During the late 1980s, the U.S. intelligence community increasingly shifted its emphasis from classic espionage against the Cold War rival to a new role in the war againt drugs and organized crime. (Western European intelligence agencies redeployed their resource, too.) In the happy dawn of the New World Order, George Bush thought the CIA should cooperate with its ex-rivals against common foes: organized crime, terrorism and drug trafficking. Mr. Ames became head of the CIA's narcotics intelligence department for the Black Sea countries in 1990 after his service as counterintelligence chief for Eastern Europe and the Soviet Union.
Yet all the while Mr. Ames was allegedly working for is old KGB handlers.
Could one explanation for America's sorry record in the war on drugs be that its key intelligence was going to the other side? Rumors in the 1980s about KGB or Cuban Involvement in the drug trade were routinely pooh-poohed by State Department and CIA types who could not imagine that their rivals were anything other than sincere champions of another cause. Now that the routine cynicism and corruption of the former Soviet Union is widely acknowledged, it is time to ask whether some of the cash to fund expensive KGB operations might come from the world's most lucrative milk cow--the narco-business.
Espionage experts have expressed surprise at the amount of cash the KGB is alleged to have paid Mr. Ames, far more than in most treason-for-money cases, in which the amounts are often amazingly trivial. Fewer questions seem to have been asked about whether the KGB was the only source of Mr. Ames's affluence. It seems reasonable to ask whether his visits to his second wife Maria's native Columbia might have given him access to another source of income in return for information about the CIA's antinarcotics drive.
Another question suggests itself: Did Mr. Ames betray anyone to the KGB in his new posting, as he allegedly did while counterintelligence chief?

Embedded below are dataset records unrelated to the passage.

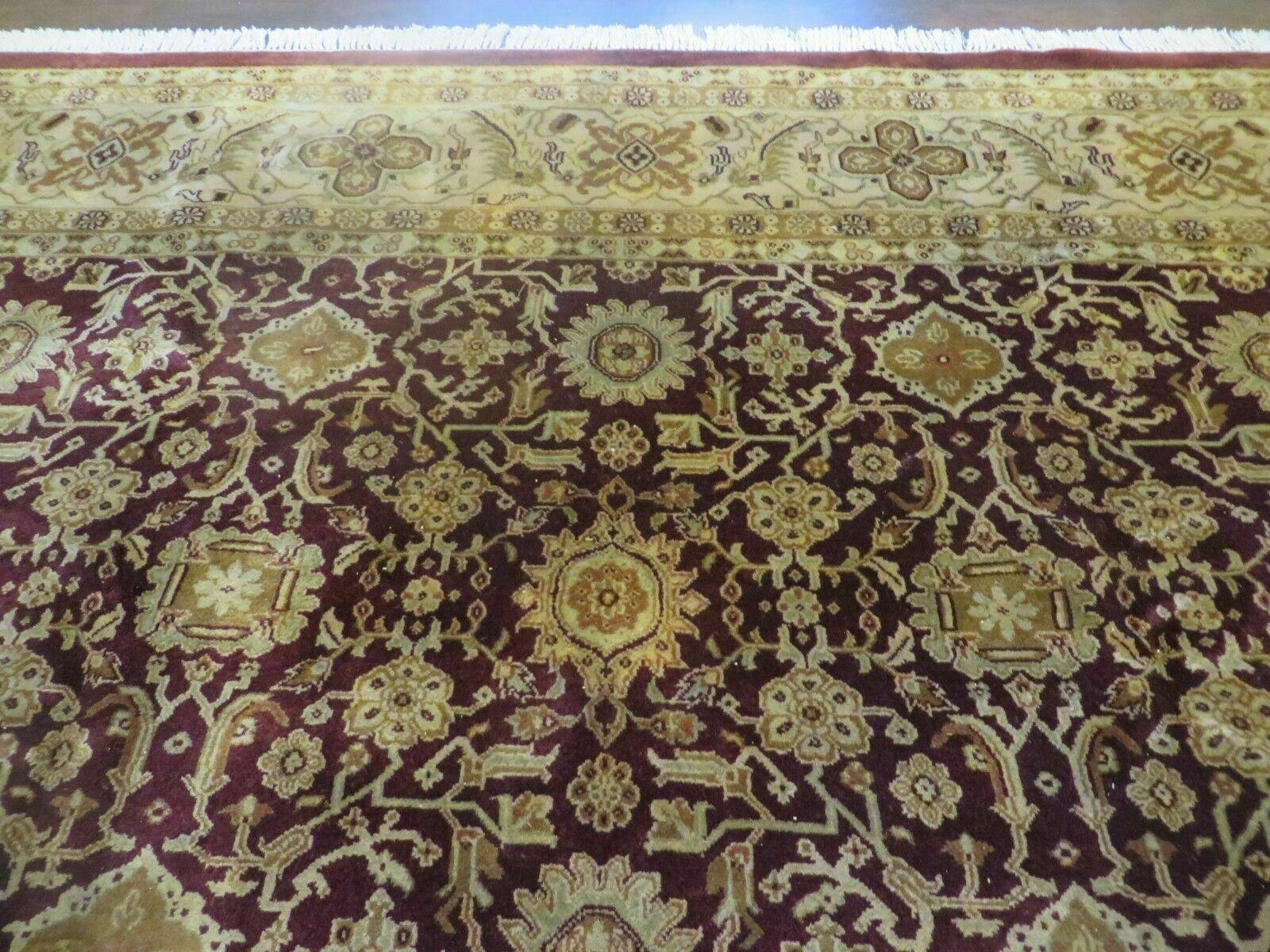 Indian Agra Rug 10x14 Vintage Handmade Larastan Wool Carpet Maroon Floral - Jewel Rugs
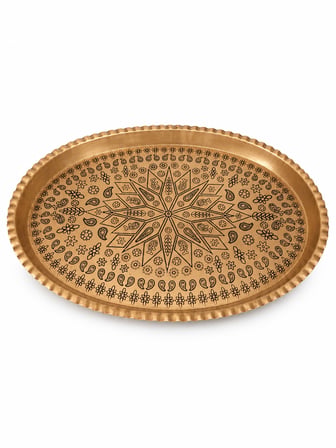 Ağır El İşlemeli Bakır Tepsi 1 mm Dekoratif Sunum ve Servis Tepsisi Ac-Tp-001/Oval 40x25cm
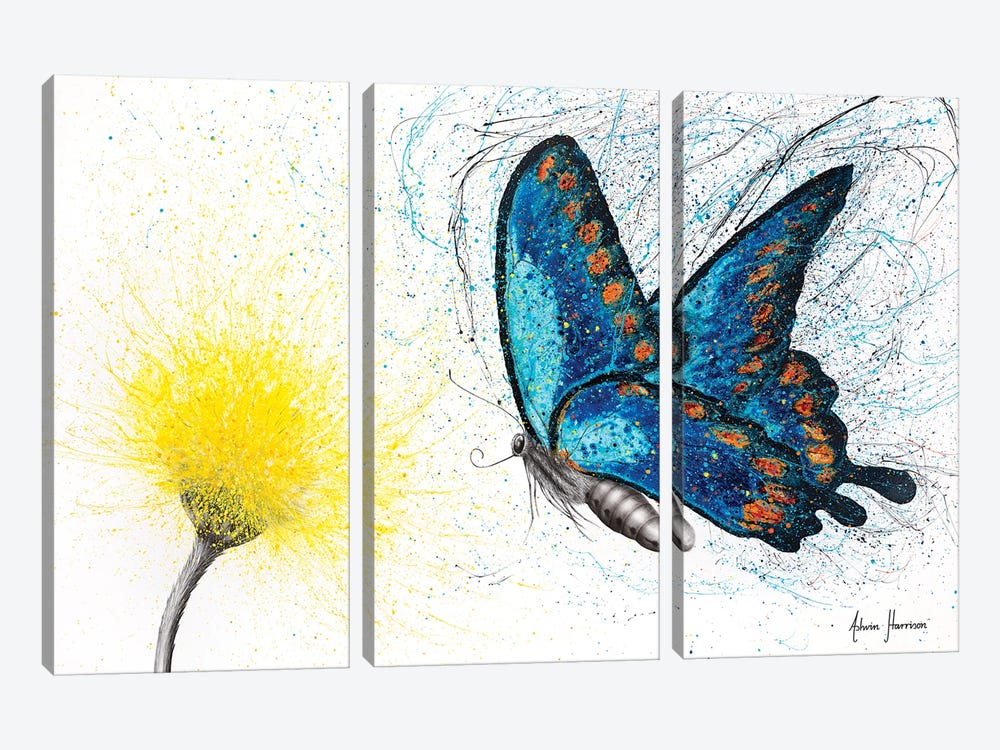 Bloomful Butterfly by Ashvin Harrison 3-piece Canvas Wall Art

Last August, in the former Soviet republic of Georgia, the CIA's Fred Woodruff was shot dead while riding in the car of the chief of the Georgian security service. A terrible accident was the improbable verdict. But a week earlier, Mr. Ames had been in Georgia. In addition to his mission to provide U.S. training to Georgian security forces, Mr. Woodruff was allegedly investigating Georgia's role as a conduit of heroin from other ex-Soviet republics to the West.
Some informed Georgians think that Mr. Woodruff had come to believe that the men Washington had sent him to cooperate with were in fact involved in the heroin shipments. Had Mr. Woodruff reported this, Mr. Ames would have been the first man in the CIA to receive his report.
It is public knowledge in Georgia that the security forces of Edward Shevardnadze's regime are involved in the republic's rampant drug business. So severe has the problem become that even Mr. Shevardnadze recently felt obliged to undergo a heroin test to prove his credibility.
As an ex-KGB general-turned-reformer who returned to his native Georgia, Mr. Shevardnadze ought to be able to help the Clinton administration clear up any connection between Mr. Ames's visit to Georgia last year and the murder of CIA station chief Woodruff. If Mr. Ames was betraying America's war on drugs to the KGB, then the Clinton administration and the West are starting into a deep and dark abyss.
The venality of Aldrich Ames contrasts sharply with the intense, if twisted, ideological treason of a Kim Philby. How many other unhappily salaried Western intelligence officials cooperating with the ex-KGB in the war on drugs have also been tempted by the rich pickings of betrayal in the postideological age?